Correlation-driven electronic nematicity in the Dirac semimetal BaNiS2

TL;DR

This study reveals electronic nematicity in BaNiS2 driven by spin-fluctuation-induced density waves, showing a unique coexistence of Dirac electrons and symmetry-breaking correlations in a low-density semimetal.

Contribution

It demonstrates the presence of correlation-driven nematicity in BaNiS2 and models its origin via a density wave framework considering spin fluctuations.

Findings

Electronic nematicity appears as C2-symmetry striped patterns.

Nematicity results from lifting degeneracy among electron pockets.

Dirac points remain unaffected by the nematic order.

Abstract

In BaNiS2 a Dirac nodal-line band structure exists within a two-dimensional Ni square lattice system, in which significant electronic correlation effects are anticipated. Using scanning tunneling microscopy, we discover signs of correlated-electron behavior, namely electronic nematicity appearing as a pair of C2-symmetry striped patterns in the local density-of-states at ~60 meV above the Fermi energy. In observations of quasiparticle interference, as well as identifying scattering between Dirac cones, we find that the striped patterns in real space stem from a lifting of degeneracy among electron pockets at the Brillouin zone boundary.
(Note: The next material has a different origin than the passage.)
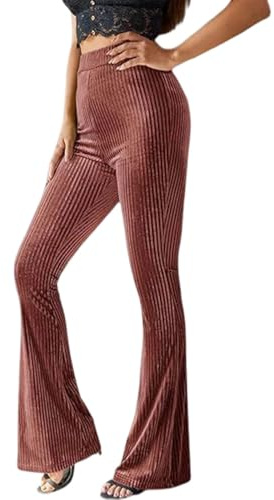 Generisch Pantaloni da donna in velluto con elastico in vita e colpi Slim Fit Flare Leg Pantaloni in design Palazzo, leggings in cordless come pantaloni da yoga e bell Bottom, 01, S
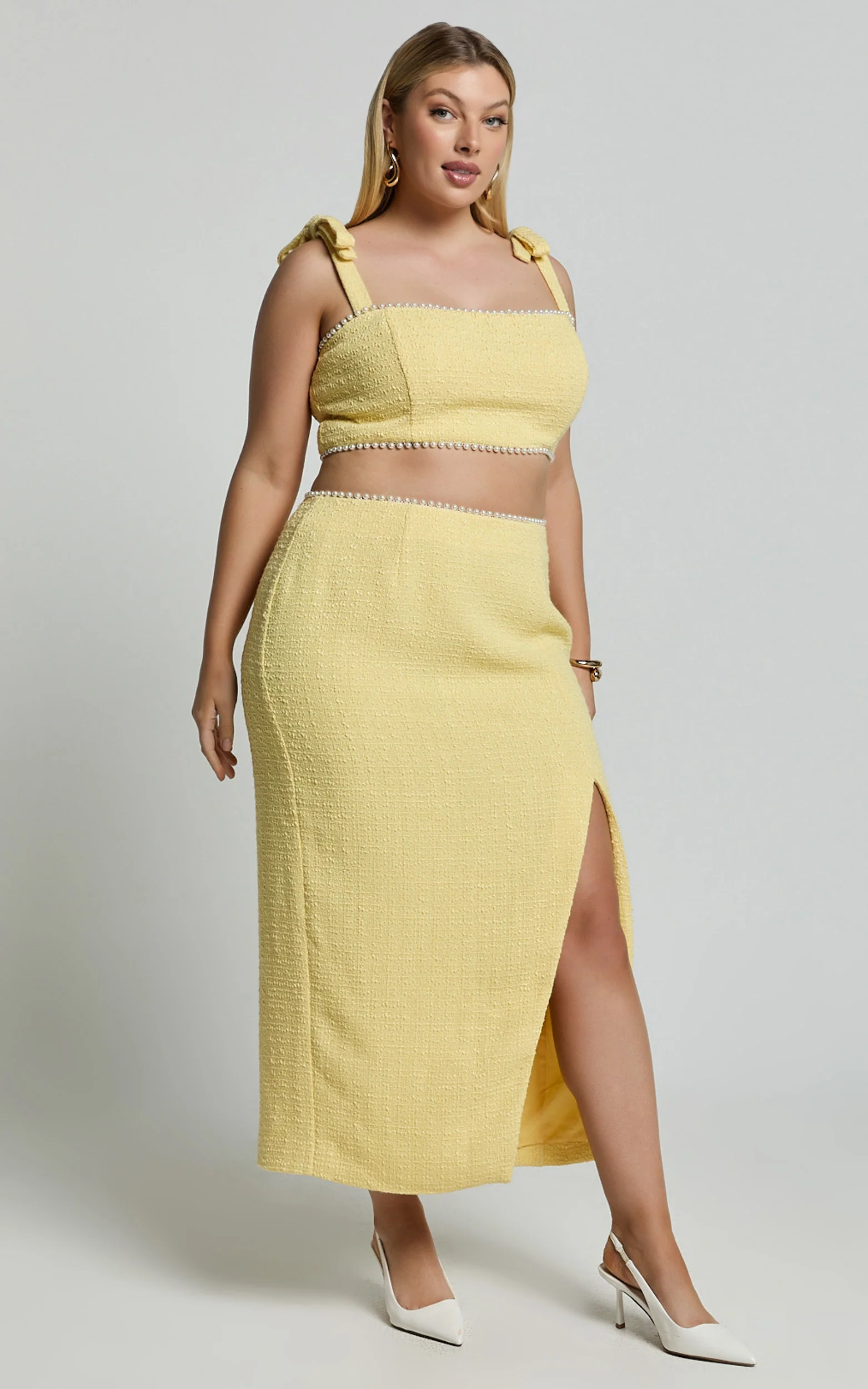 Mitzy Two Piece Set - Boucle Pearl Detail Crop And Faux Wrap Midi Skirt Set in Lemon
We infer a momentum-dependent energy shift with d-form factor, which we model numerically within a density wave equation framework that considers spin-fluctuation-driven nematicity. This suggests an unusual mechanism driving the nematic instability, stemming from only a small perturbation to the Fermi surface, in a system with very low density of states at the Fermi energy. The Dirac points lie at nodes of the d-form factor, and are almost unaffected by it. These results highlight BaNiS2 as a unique material in which Dirac electrons and symmetry-breaking electronic correlations coexist.